Le pregunté hará unos tres meses a Pablo Iglesias de dónde había salido lo de “tictac”, esa onomatopeya a la que durante un tiempo se aficionó, y respondió que fue “completamente improvisada” en un tren rumbo a Valencia, mientras preparaba un discurso. El traqueteo y el ruido de un reloj al escaparse se acoplaron. Tictac. Presión. Le sonó bien y empezó a repetirlo. El mensaje de Iglesias caló rápido en el disco duro de sus seguidores. Se sintió aludido el estudiante que amasa con dientes los últimos minutos antes de entregar el examen con el que se juega el futuro, o la familia apretada en una casa de sardinas forrada de ultimátums. La sensación de ir contrarreloj provoca un tipo de sed que se enrosca en el fondo de la garganta, una sequedad punzante, la certidumbre de que el tiempo corre contigo dentro.
Que se lo pregunten a las mujeres, que han tenido que soportar esa imagen tan propia de Alicia en el país de las maravillas, con un conejo que las persigue agitando el llamado reloj biológico mientras ellas se preguntan si de verdad existe. Si es la naturaleza salvaje, la que puja por engendrar vida, o bien responde al mandato cultural, aquel empeñado en sostener que una mujer sin hijos es una mujer frustrada. “Las mujeres en muchos momentos y lugares han sentido la presión de tener hijos. Pero la idea del reloj biológico es una invención reciente. Apareció por primera vez a finales de 1970”, asegura la escritora Moira Wiegel en su nuevo libro Labor of love: The invention of dating del que esta semana adelantó una entrega The Guardian. “La idea de que ser mujer es una debilidad está incrustada en el fondo del término reloj biológico”.
Es curioso que un concepto acuñado para describir los ritmos circadianos acabara acotado al territorio de la fertilidad, señalando una limitación y a la vez cierto histerismo. Algunas feministas no han querido contemplar esa llamada de la naturaleza, que otras han asegurado sentir en forma de deseo totalizador. Las hay que consideran el reloj un cuento sexista, una cortapisa a la libertad de las mujeres, ya que los hombres parecen excluidos de la bomba del tiempo para ser padres. Nadie les dirá que se les pasa el arroz, ni los azuzará para congelar sus espermatozoides como a ellas sus óvulos, a fin de no dimitir de sus expectativas de género.
Periódicamente aparece un santón dispuesto a resolver la cuadratura del círculo de la feminidad.
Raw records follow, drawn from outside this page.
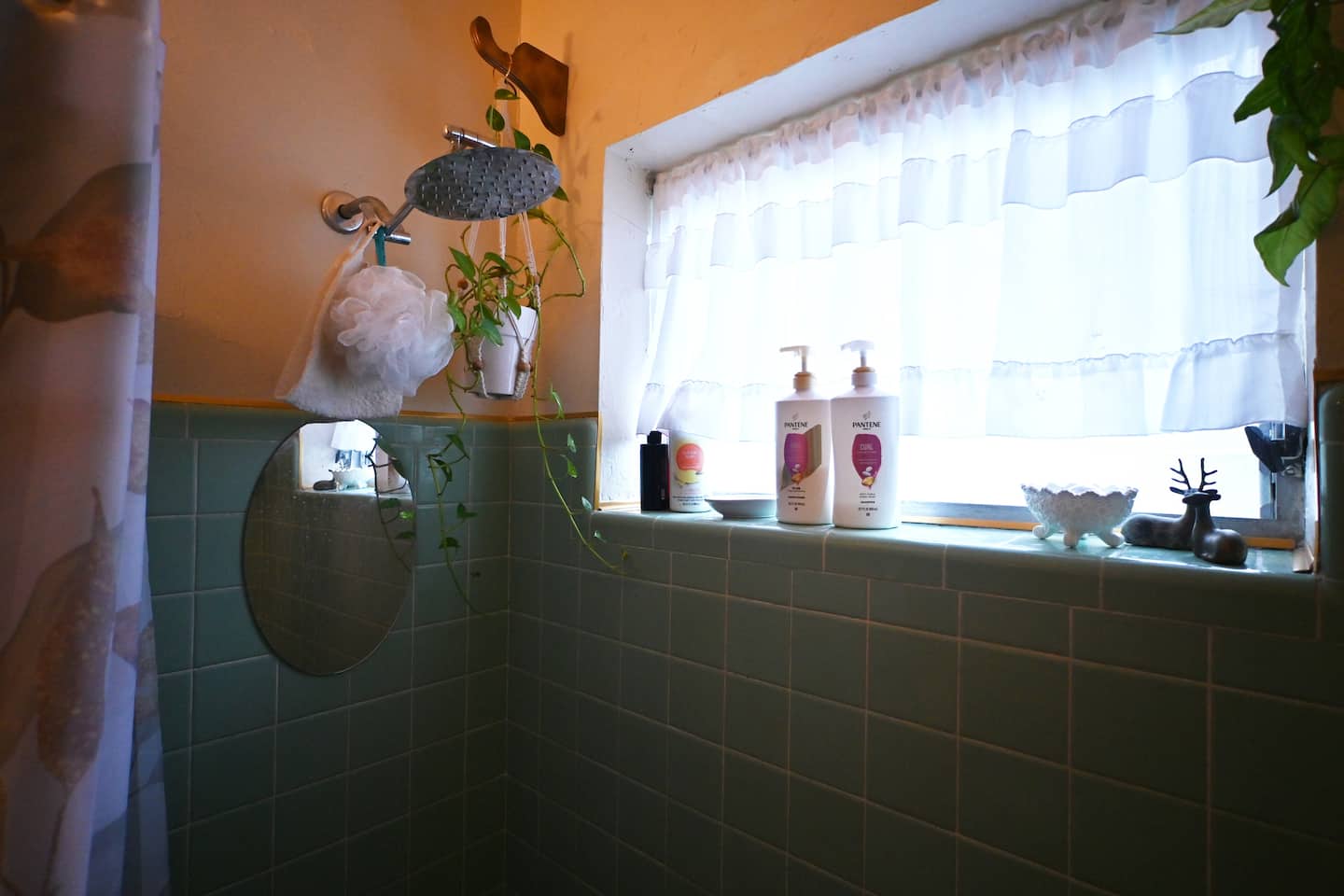 Photo 27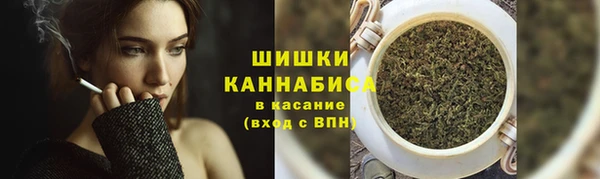 СК Инсар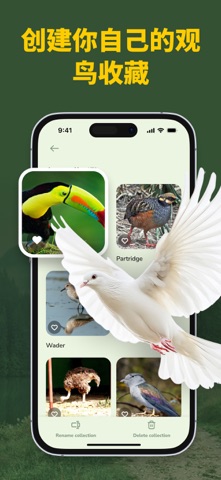 Bird Identifier: Song ID screenshot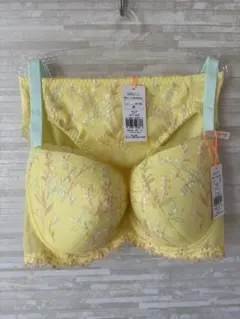 F70M」トリンプ チャーミングラマースリムライン フローラルハグ ブラショーツ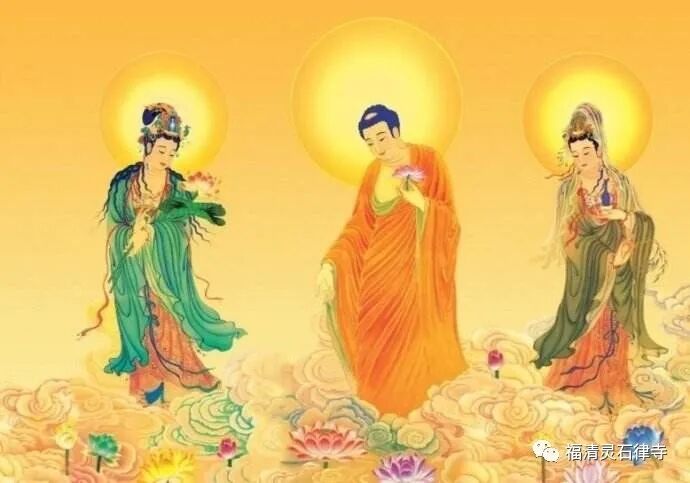 【抗疫专题法语】佛陀亲授的治愈瘟疫之方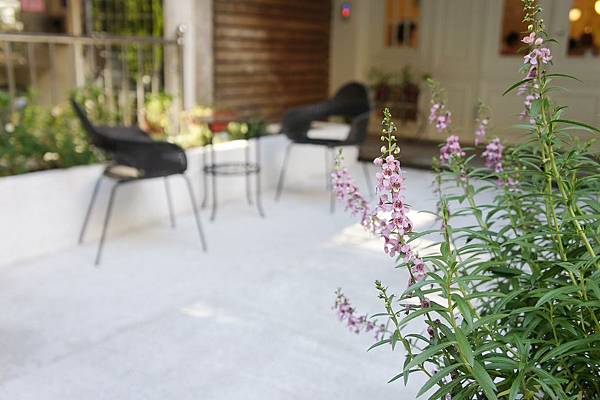 DSC01234.JPG DSC01234.JPG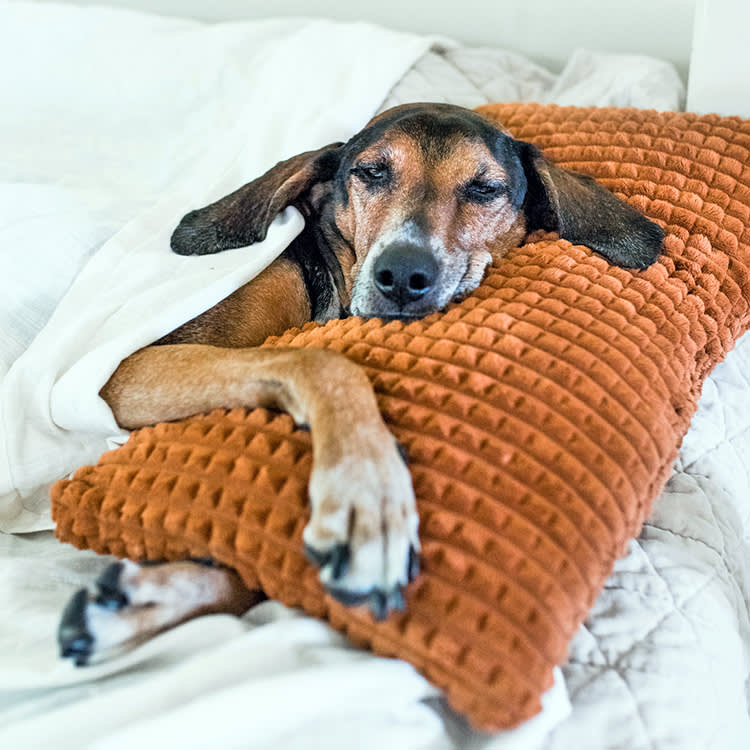 a picture of a big dog tucked up in bed on an orange pillow
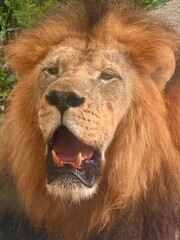 portrait of a lion captured in Houston Zoo, Texas, USA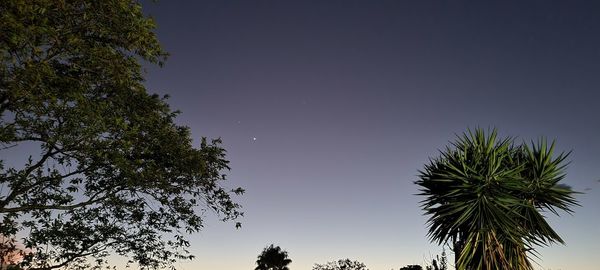 Low angle view of silhouette trees against sky at night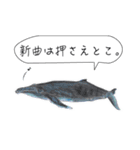 さかなと海のいきものたちからの教え（個別スタンプ：9）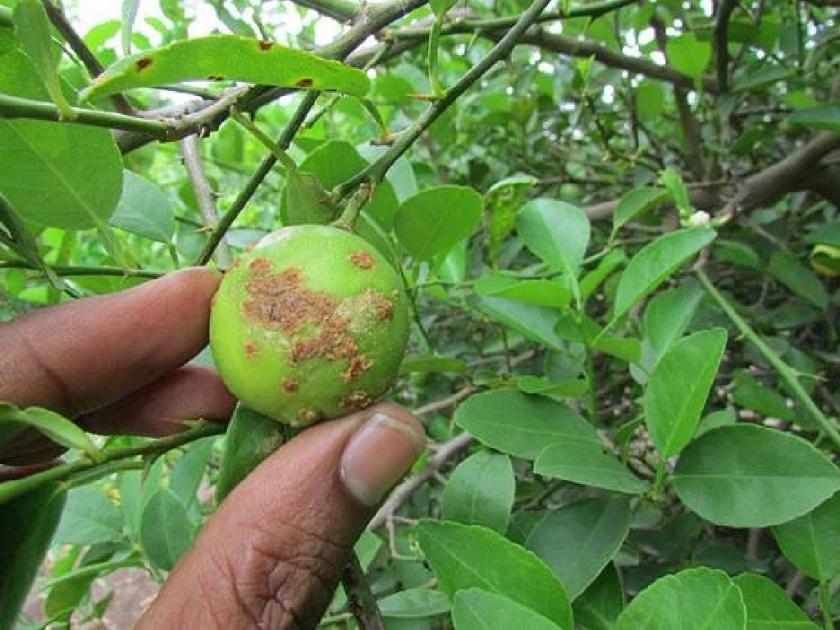 Infestation of Citrus Blight Disease on lemon orchards in Vidarbha | विदर्भातील लिंबाच्या बागांवर खैऱ्या राेगाचा प्रादुर्भाव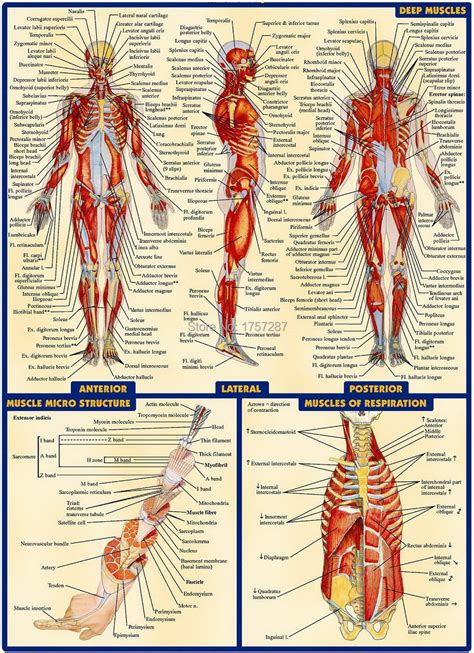 Human Muscles Diagram Human Leg Muscles Diagram Anatomy For Artists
El último ha sido el presidente turco, Erdogan, quien ha asegurado que rechazar la maternidad y las tareas del hogar supone para la mujer “perder su libertad”. “Le falta algo y es mitad persona”, afirmó sin pestañear. La cuenta atrás se sirve en todos los formatos posibles, desde la edad para dejar de llevar minifaldas hasta la de volar en parapente. Y un invisible metrónomo de cuerda se empeña en marcar el compás a las mujeres, como si no supieran leer la partitura de su propia vida.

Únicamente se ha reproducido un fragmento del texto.